Dataset records
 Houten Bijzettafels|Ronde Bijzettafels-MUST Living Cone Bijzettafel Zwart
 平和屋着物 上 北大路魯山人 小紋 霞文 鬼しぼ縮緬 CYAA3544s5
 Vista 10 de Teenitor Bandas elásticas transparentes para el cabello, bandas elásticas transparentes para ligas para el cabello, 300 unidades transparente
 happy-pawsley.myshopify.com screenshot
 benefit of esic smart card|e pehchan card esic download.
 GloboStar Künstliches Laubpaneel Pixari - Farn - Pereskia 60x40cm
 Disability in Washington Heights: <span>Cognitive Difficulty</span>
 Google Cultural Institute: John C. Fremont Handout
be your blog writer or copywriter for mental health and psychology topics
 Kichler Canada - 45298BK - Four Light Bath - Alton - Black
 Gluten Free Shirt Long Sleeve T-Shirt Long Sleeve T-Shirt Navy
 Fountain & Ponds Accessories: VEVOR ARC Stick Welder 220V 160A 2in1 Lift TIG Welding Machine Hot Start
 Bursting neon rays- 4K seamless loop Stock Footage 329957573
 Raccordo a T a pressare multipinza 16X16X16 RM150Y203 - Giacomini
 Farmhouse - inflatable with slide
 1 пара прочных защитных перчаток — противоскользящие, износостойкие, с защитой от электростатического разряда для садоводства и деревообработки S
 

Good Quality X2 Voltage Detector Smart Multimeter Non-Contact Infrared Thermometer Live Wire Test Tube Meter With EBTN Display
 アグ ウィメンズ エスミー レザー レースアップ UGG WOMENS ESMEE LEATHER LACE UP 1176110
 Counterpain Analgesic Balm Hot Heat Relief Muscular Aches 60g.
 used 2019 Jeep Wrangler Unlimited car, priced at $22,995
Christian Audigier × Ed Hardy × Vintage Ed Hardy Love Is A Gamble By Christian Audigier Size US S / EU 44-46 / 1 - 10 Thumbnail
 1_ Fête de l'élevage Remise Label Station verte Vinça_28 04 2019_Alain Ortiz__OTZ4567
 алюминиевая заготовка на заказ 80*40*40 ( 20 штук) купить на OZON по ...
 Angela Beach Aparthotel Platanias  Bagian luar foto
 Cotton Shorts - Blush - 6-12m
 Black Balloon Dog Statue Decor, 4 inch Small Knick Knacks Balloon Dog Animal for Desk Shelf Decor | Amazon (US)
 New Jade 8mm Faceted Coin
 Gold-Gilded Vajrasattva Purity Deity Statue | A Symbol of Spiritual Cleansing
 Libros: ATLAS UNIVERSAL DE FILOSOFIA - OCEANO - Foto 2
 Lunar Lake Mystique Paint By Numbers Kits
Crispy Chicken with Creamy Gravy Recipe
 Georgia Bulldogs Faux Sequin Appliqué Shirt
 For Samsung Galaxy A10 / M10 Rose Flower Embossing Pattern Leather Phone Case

» INSTRUCTIONS TO FOLLOW: Reproduce without change every line of the entries above, from the one containing "Gold-Gilded Vajrasattva Purity" through the last.

» EXPECTED ANSWER:
 Gold-Gilded Vajrasattva Purity Deity Statue | A Symbol of Spiritual Cleansing
 Libros: ATLAS UNIVERSAL DE FILOSOFIA - OCEANO - Foto 2
 Lunar Lake Mystique Paint By Numbers Kits
Crispy Chicken with Creamy Gravy Recipe
 Georgia Bulldogs Faux Sequin Appliqué Shirt
 For Samsung Galaxy A10 / M10 Rose Flower Embossing Pattern Leather Phone Case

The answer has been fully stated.